1791 novel by Elizabeth Inchbald

A Simple Story is a novel by English author and actress Elizabeth Inchbald. Published in February 1791 as an early example of a "novel of passion", it was successful and became widely read in England and abroad. It went into a second edition in March 1791, and is still in print today.

The story is told in two parts. The first relates the ill-advised romance between a flighty young heiress, Miss Milner, and her guardian Dorriforth. The second follows the adolescence of their virtuous daughter Matilda, whom Dorriforth has rejected out of pain at Miss Milner's moral failings as his wife. The contrast between Miss Milner and Matilda expresses Inchbald's critique of women's "fashionable" education, which she thought placed too much emphasis on personal appearance and sensibility.

== Plot ==

The novel is divided into four volumes, two each devoted to its two storylines.

The first volumes books follow the love story of young Miss Milner (we are never told her first name) and her guardian Dorriforth, who begins the novel as a Roman Catholic priest. Miss Milner is a seventeen-year-old orphan, whose father's deathbed wish entrusted her to Dorriforth's guardianship despite disapproving of Catholicism. Miss Milner admires Dorriforth but struggles to obey his strict rules. She flirts with Lord Lawnly, forcing Dorriforth to fight a duel to protect her honor. Several deaths in Dorriforth's family cause him to inherit the title of Lord Elmwood, bringing with it a social obligation to marry and have children to carry on the Elmwood family name. Miss Milner falls in love with Dorriforth. The Pope releases Dorriforth from his vow of chastity, and he becomes engaged to the fiancée of the former Elmwood heir, Miss Fenton; their relationship is tepid but prudent on both sides. Dorriforth then realises that he has passionate feelings for Miss Milner, which he resists both due to his engagement and due to his doubts about Miss Milner's suitability as a wife. Through a series of machinations, however, assisted by Miss Woodley (a kindhearted spinster) and Sanford (a Jesuit mentor of Dorriforth's), Dorriforth's engagement to Miss Fenton is broken and he and Miss Milner are engaged.

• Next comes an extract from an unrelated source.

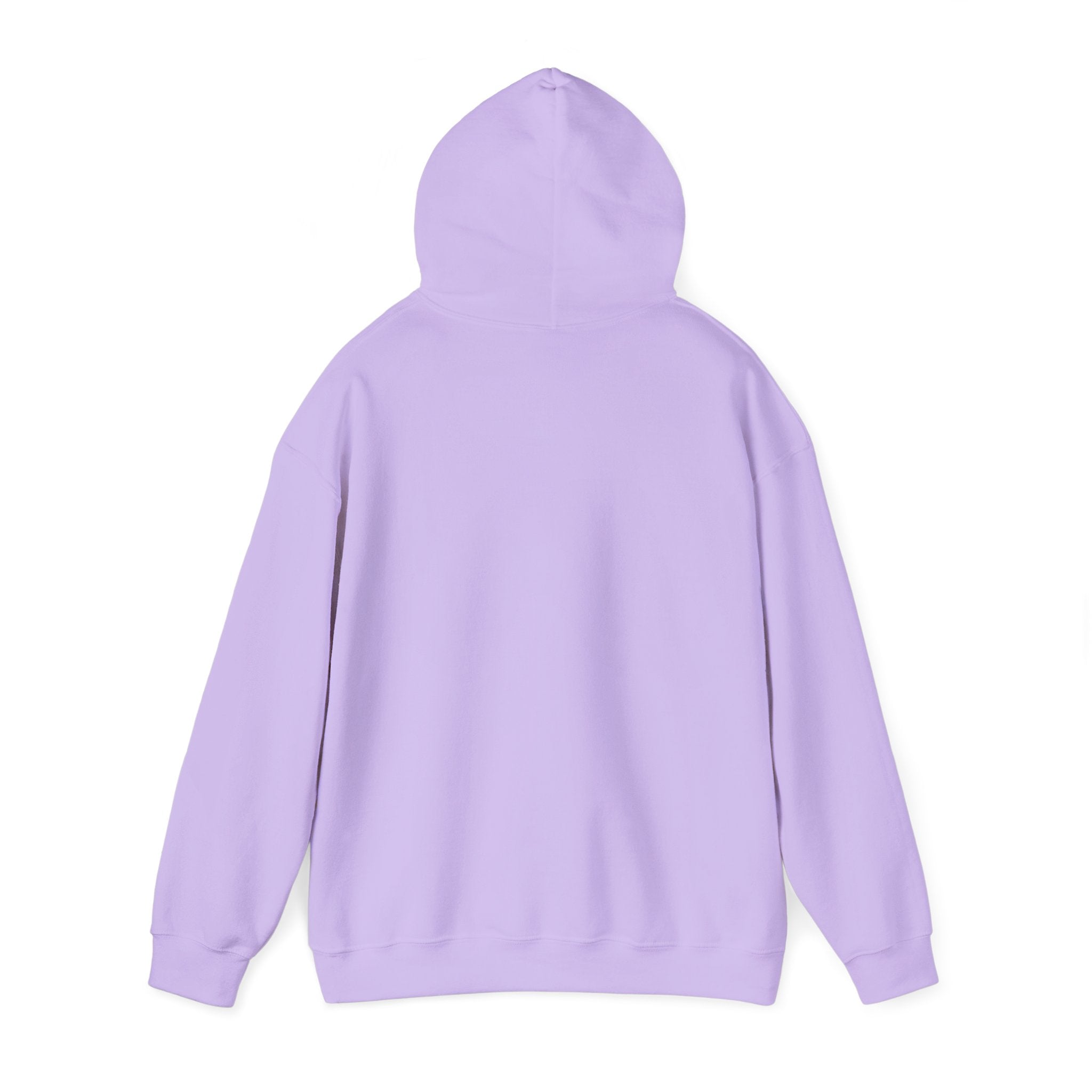 Empowering Credit Sweatshirt: Perfect for Financial Enthusiasts, Motivational Gift, Cozy Casual Wear, Credit Awareness, Unisex Hoodie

The third volume then abruptly transitions to the deathbed of Lady Elmwood (the former Miss Milner), some seventeen or eighteen years later. We learn that Lord Elmwood had been at his estate in the West Indies for so long that Lady Elmwood assumed he was unfaithful, and had an affair of her own with Lord Lawnly. When Lord Elmwood returns, he banishes Lady Elmwood and refuses to acknowledge their only child, Matilda. A desperate letter that Lady Elmwood writes before dying convinces him to permit Matilda to live on one of his estates, on the condition that he never sees her.

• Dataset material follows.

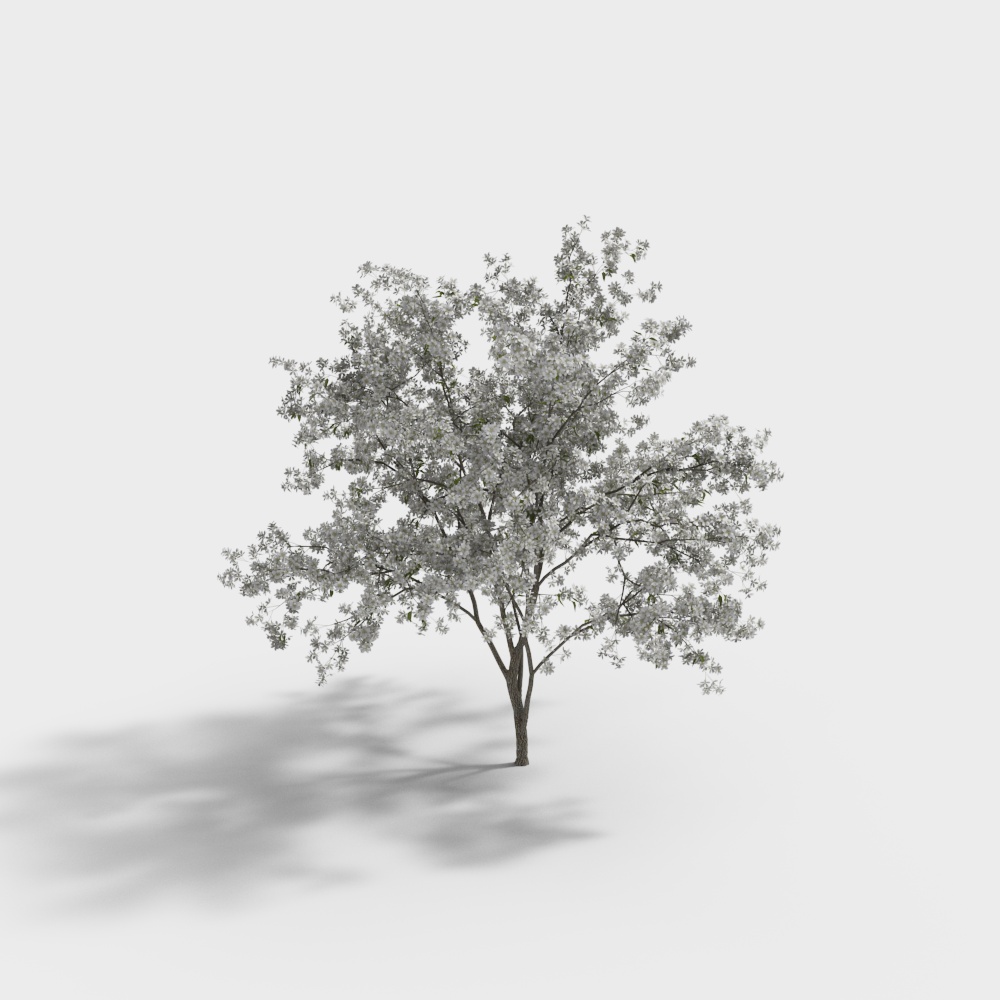 现代白色花树景观树-33D模型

Volumes three and four then narrate Matilda's young adulthood, as she "haunts" Lord Elmwood's house. She is tutored by Miss Woodley and Sanford, and is raised to idolize the father whom she never sees. She meets her cousin, Rushbrook, her father's nephew and heir, and they begin a secret friendship, based largely around reading. One day, Matilda accidentally meets her father on a staircase, and he banishes her. She languishes and falls ill. When a Lord Margrave learns she is no longer under her father's protection, he abducts her. He is about to rape her when Lord Elmwood (who has had a change of heart) rescues her. Rushbrook, who has fallen in love with her, is now able to secure Lord Elmwood's approval for their marriage. Lord Elmwood tells him that Matilda herself must decide. Rushbrook begs her for her hand, and the narrator says: "Whether the heart of Matilda, such as it has been described, could sentence him to misery, the reader is left to surmise—and if he supposes that it did not, he has every reason to suppose their wedded life was a life of happiness." This is the end of the narrative, and the narrator then provides a moral lesson for the novel.

== Composition and publication ==
The first half of the novel was written between 1776 and 1779, and the second half between 1780 and 1791. Many believe that the novel was written with the famous actor John Philip Kemble, for whom Inchbald had also written plays, imagined as the character Dorriforth.

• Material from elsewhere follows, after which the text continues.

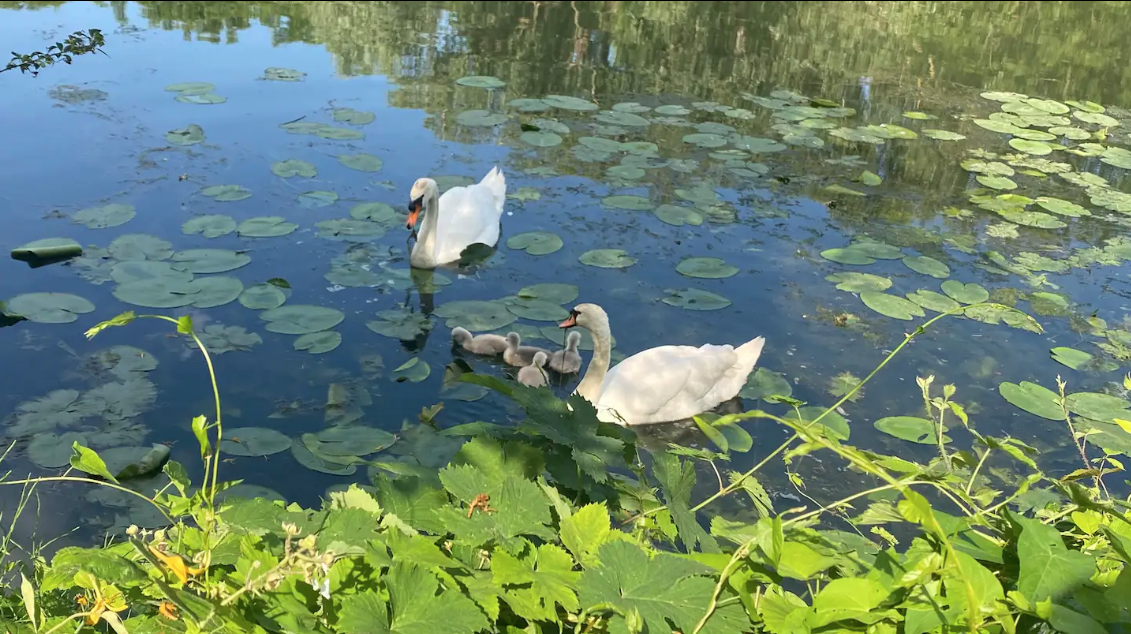 Colocación Carrières-sous-Poissy 267034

It was first published on 15 February 1791 by G. G. J. and J. Robinson, and went into a second edition that March.

== Major themes ==

The novel thematizes a problem of women's education in the period, highlighting the differences between the academic educations that men receive and the emphasis on personal appearance and sensibility in women's education. The character of Miss Milner represents what Inchbald saw as the current social norm for women's "fashionable" education, in which women were taught to use their bodies instead of their minds. The ending of the novel declares a moral lesson about women's education that links Miss Milner's unhappy ending and Matilda's happy one to the difference in their educations:

[The reader] has beheld the pernicious effects of an improper education in the destiny which attended the unthinking Miss Milner.—On the opposite side, what may not be hoped from that school of prudence—though of adversity—in which Matilda was bred?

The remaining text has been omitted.